Anyway, I successfully have 6 pods running now! Unfortunately, that didn't seem to resolve the issue :( I can continually reload https://pageviews.toolforge.org/?project=en.wikipedia.org&platform=all-access&agent=user&redirects=0&range=latest-20&pages=Cat|Dog for instance and every 5-10th time, the request to /pageviews/api.php will hang and be cancelled after ~8 seconds, and you'll see "Data unavailable" under "Revisions" on the right side.

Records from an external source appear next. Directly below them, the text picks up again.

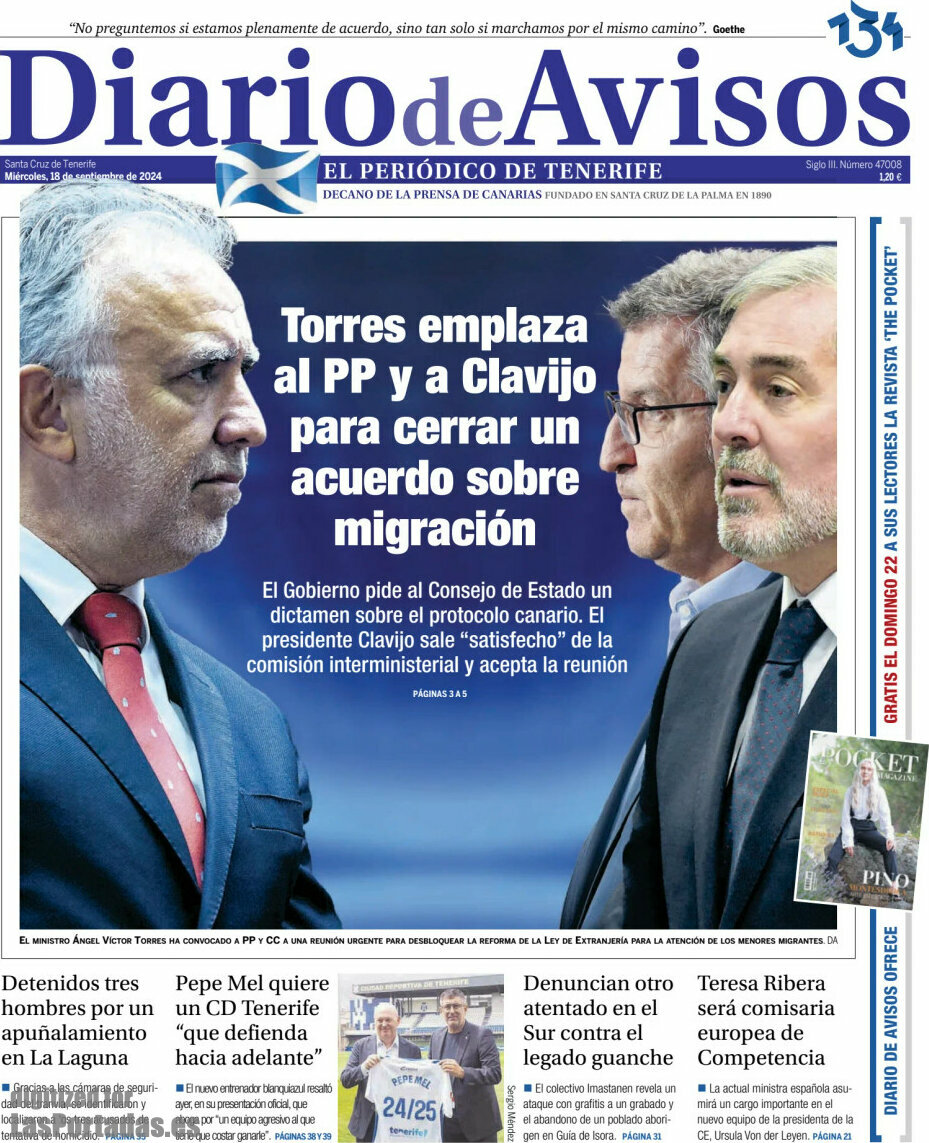 Diario de Avisos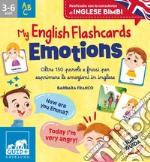 Emotions. My english flaschcards. Oltre 150 parole e frasi per esprimere le emozioni in inglese. Ediz. illustrata. Con libro-guida per adulti libro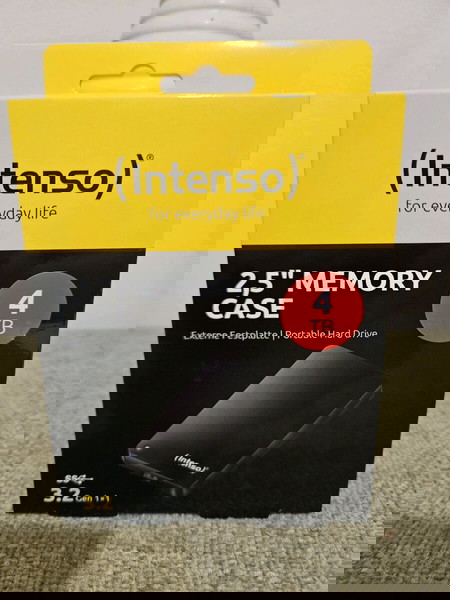 интенсо hdd 4tb нов
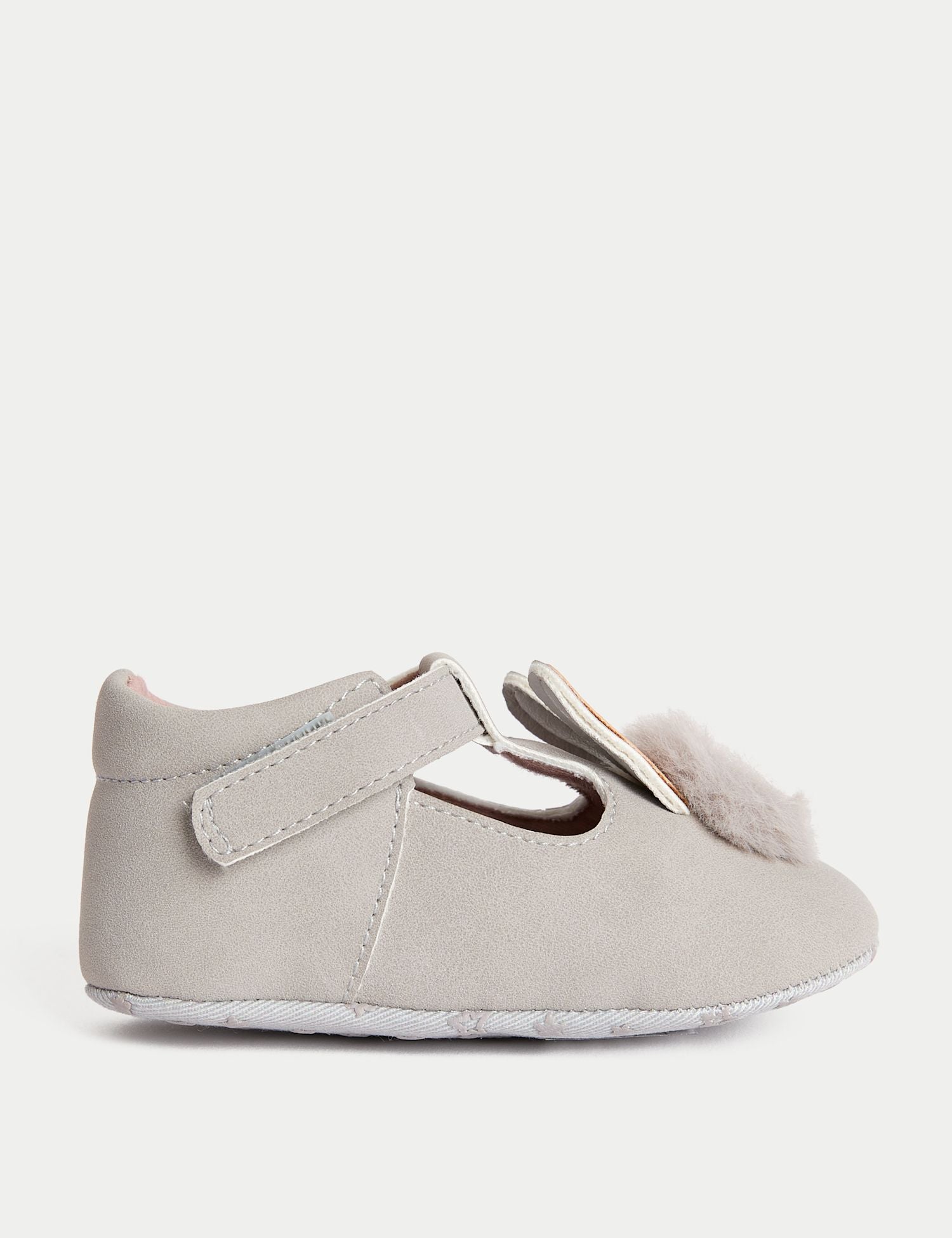 Baby Riptape Pram Shoes (0-18 Months)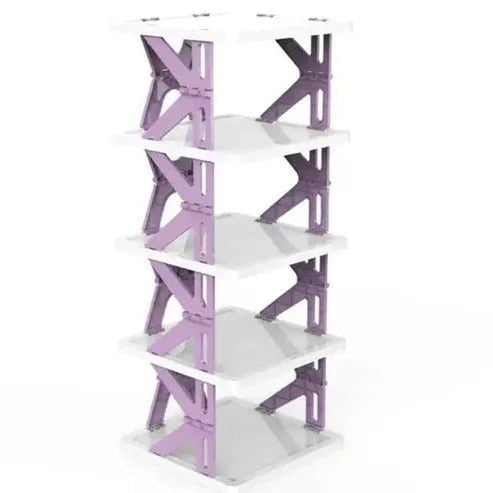 Foldable Shoe Rack Door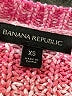 Banana Republic Color Block Pink Pullover Sweater Size XS - photo 7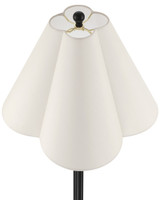 Currey and Company - 8000-0184 - One Light Floor Lamp - Felicity - Brushed Black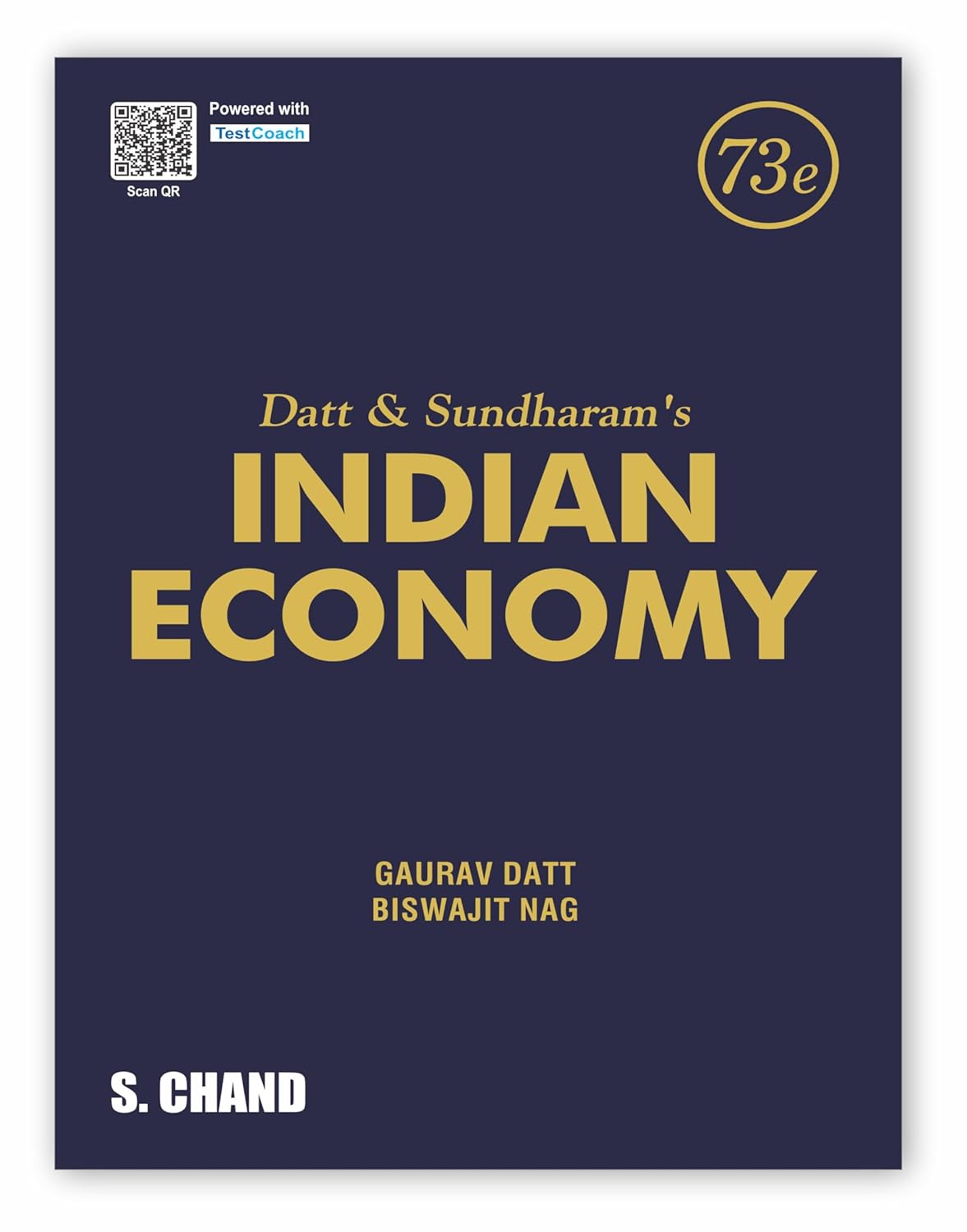 DATT & SUNDHARAM'S INDIAN ECONOMY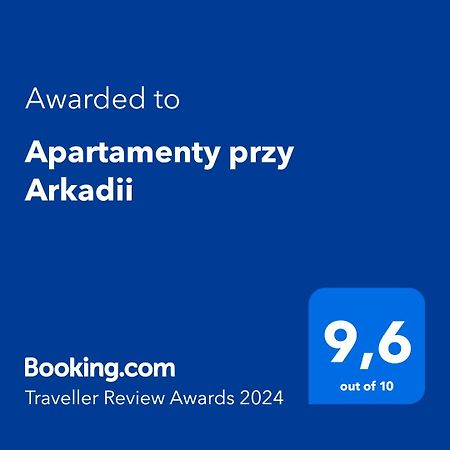 ורשה Apartamenty Przy Arkadii מראה חיצוני תמונה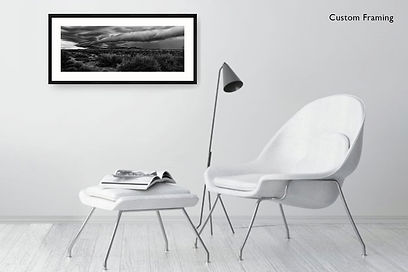 Loxton Thunder - framed print example from the Shadow Over Stones photographic collection by Mike Rossi
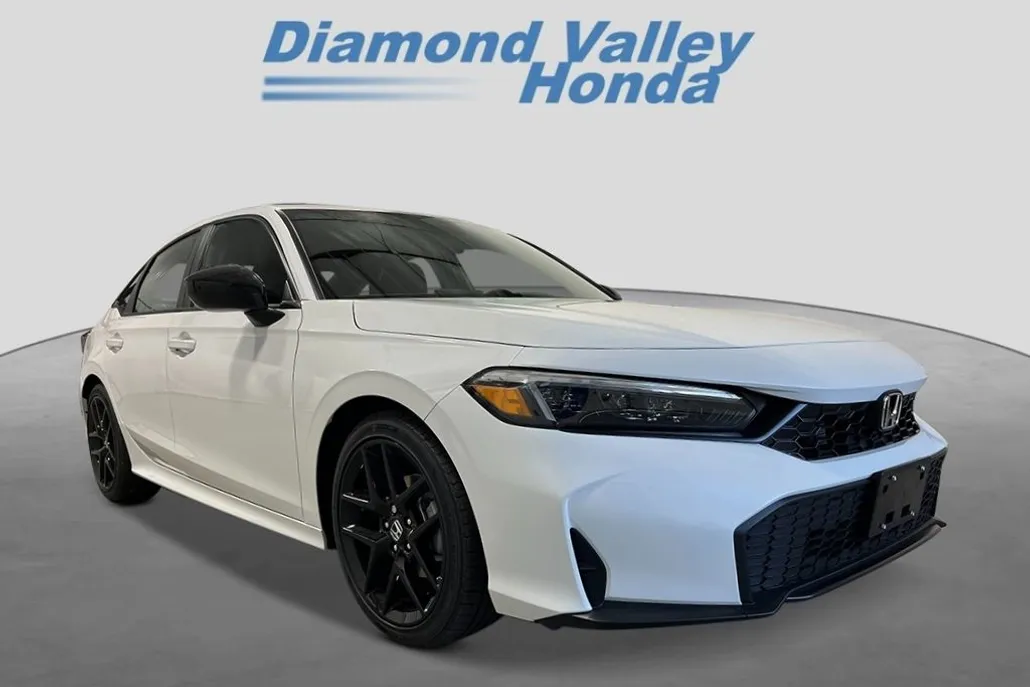2026 Honda Civic Sport photo 1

Maybe more pods isn't the answer? I tried --replicas=10 --cpu=200m and still no dice :( Prometheus graph is still showing a steady stream of 499s: https://tools-prometheus.wmflabs.org/tools/graph?g0.range_input=1w&g0.end_input=2022-02-16%2011%3A52&g0.expr=sum(nginx_ingress_controller_request_duration_seconds_sum%7Bnamespace%3D%22tool-pageviews%22%7D)%20by%20(status)%20%2F%20sum(nginx_ingress_controller_request_duration_seconds_count%7Bnamespace%3D%22tool-pageviews%22%7D)%20by%20(status)&g0.tab=0

It definitely sounds like an increase in quota won't solve this, since Pageviews isn't using that much anyway (and an increase in pod counts didn't solve it)? I'm happy to close this and move discussion back to T301649, if you'd like.

Thank you all so much for the help!